YOUR GOAL ::
Starting at the top of the records below and ending with the line that contains "Olinda LED 2", print each line exactly as written, skipping the pictures.

[INPUT DATA Boundary: Start]

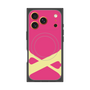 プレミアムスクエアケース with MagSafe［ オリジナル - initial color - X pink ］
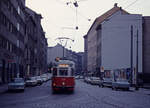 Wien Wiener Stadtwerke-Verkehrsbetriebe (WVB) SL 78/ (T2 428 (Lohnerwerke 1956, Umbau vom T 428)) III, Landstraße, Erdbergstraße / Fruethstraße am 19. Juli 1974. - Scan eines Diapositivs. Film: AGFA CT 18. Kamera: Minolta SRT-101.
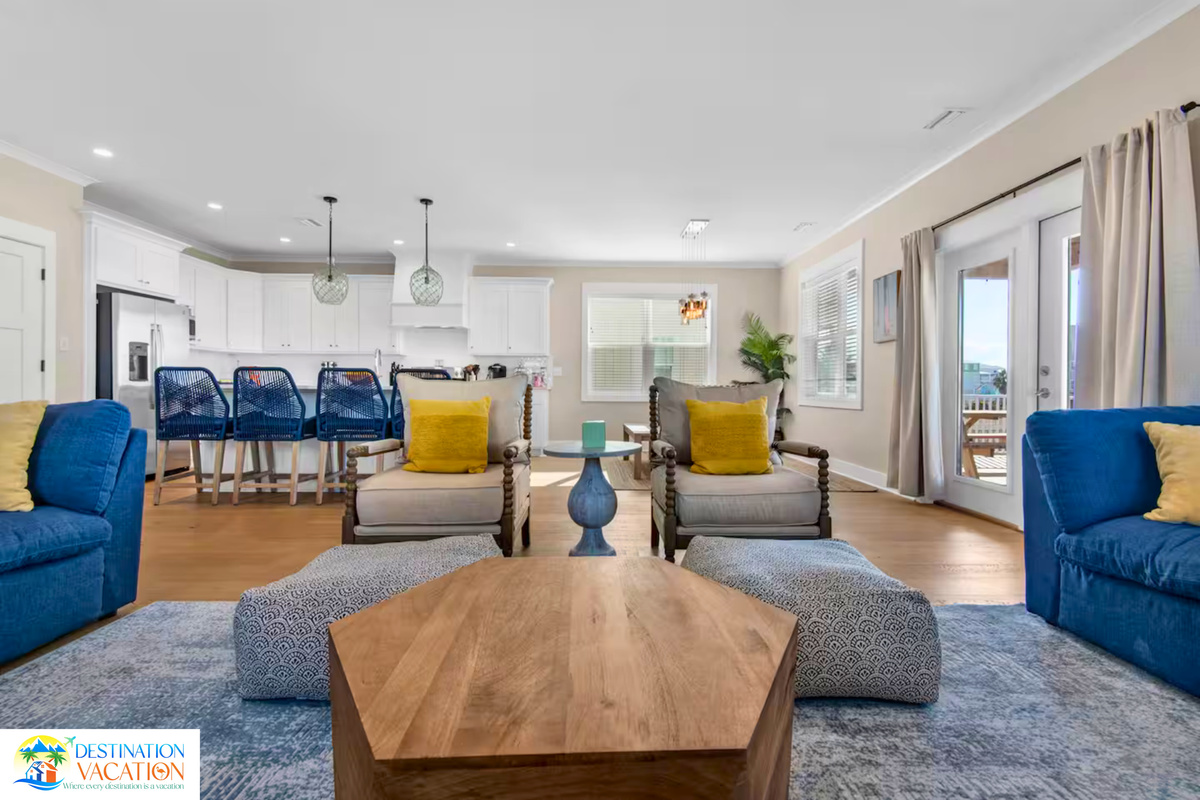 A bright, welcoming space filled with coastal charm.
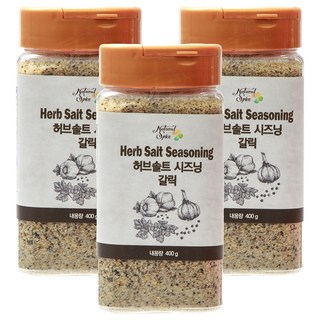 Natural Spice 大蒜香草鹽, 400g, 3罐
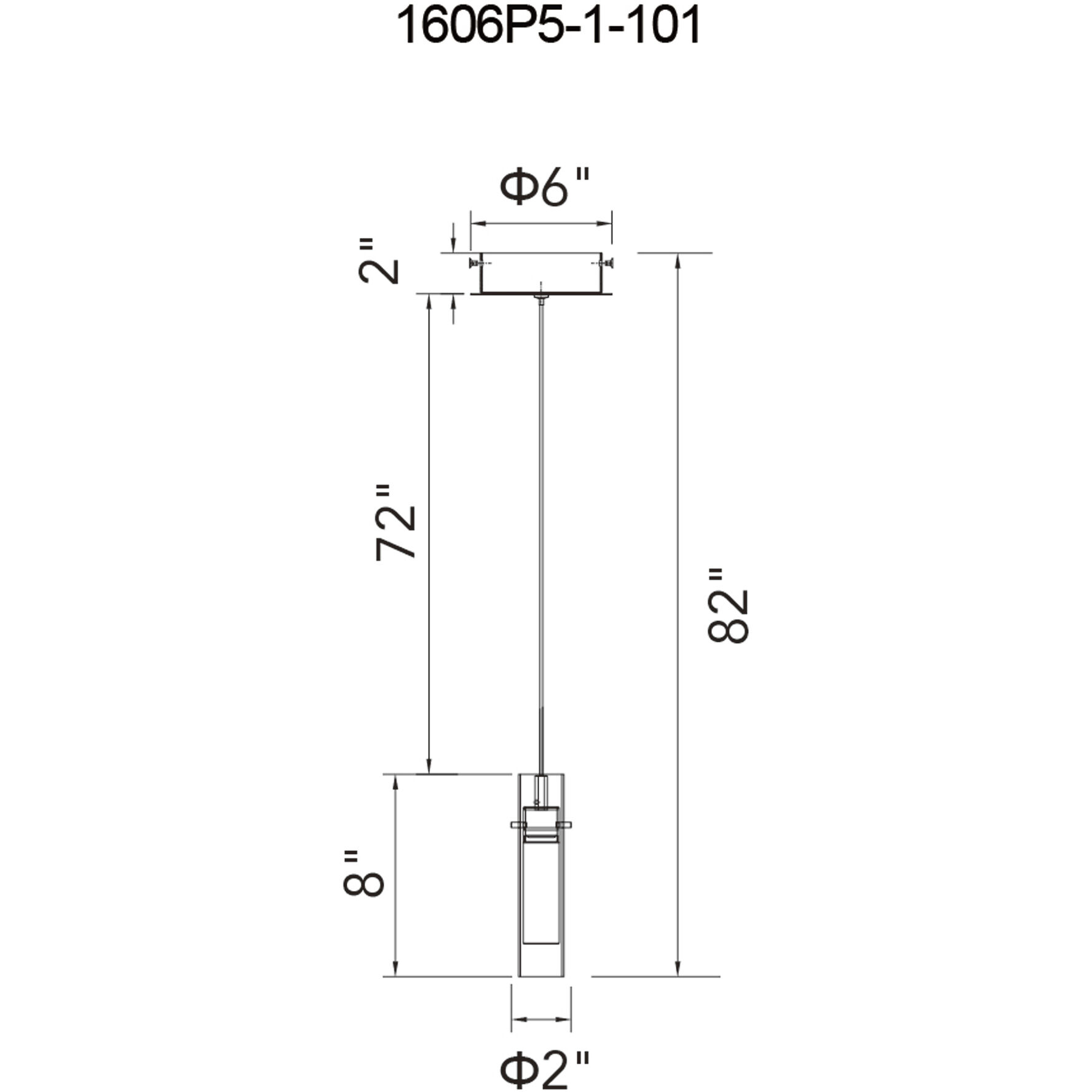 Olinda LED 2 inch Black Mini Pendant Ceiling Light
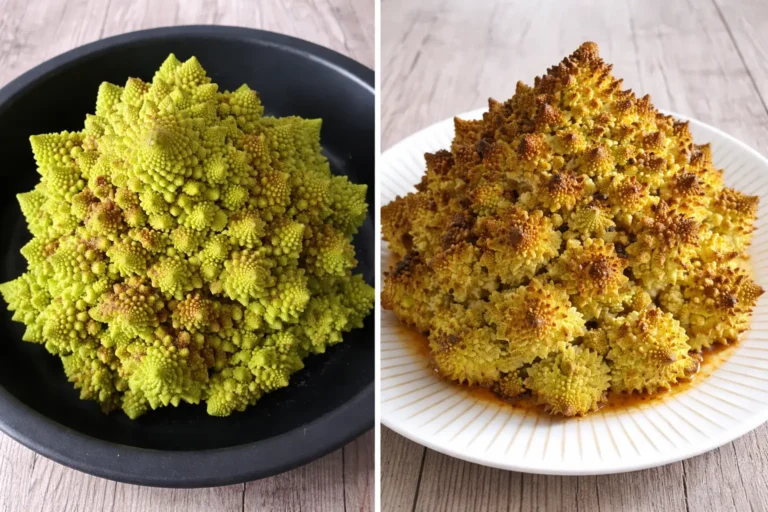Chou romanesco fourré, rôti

[INPUT DATA Boundary: End]

ANSWER SPACE ::
 プレミアムスクエアケース with MagSafe［ オリジナル - initial color - X pink ］
 Wien Wiener Stadtwerke-Verkehrsbetriebe (WVB) SL 78/ (T2 428 (Lohnerwerke 1956, Umbau vom T 428)) III, Landstraße, Erdbergstraße / Fruethstraße am 19. Juli 1974. - Scan eines Diapositivs. Film: AGFA CT 18. Kamera: Minolta SRT-101.
 A bright, welcoming space filled with coastal charm.
 Natural Spice 大蒜香草鹽, 400g, 3罐
 Olinda LED 2 inch Black Mini Pendant Ceiling Light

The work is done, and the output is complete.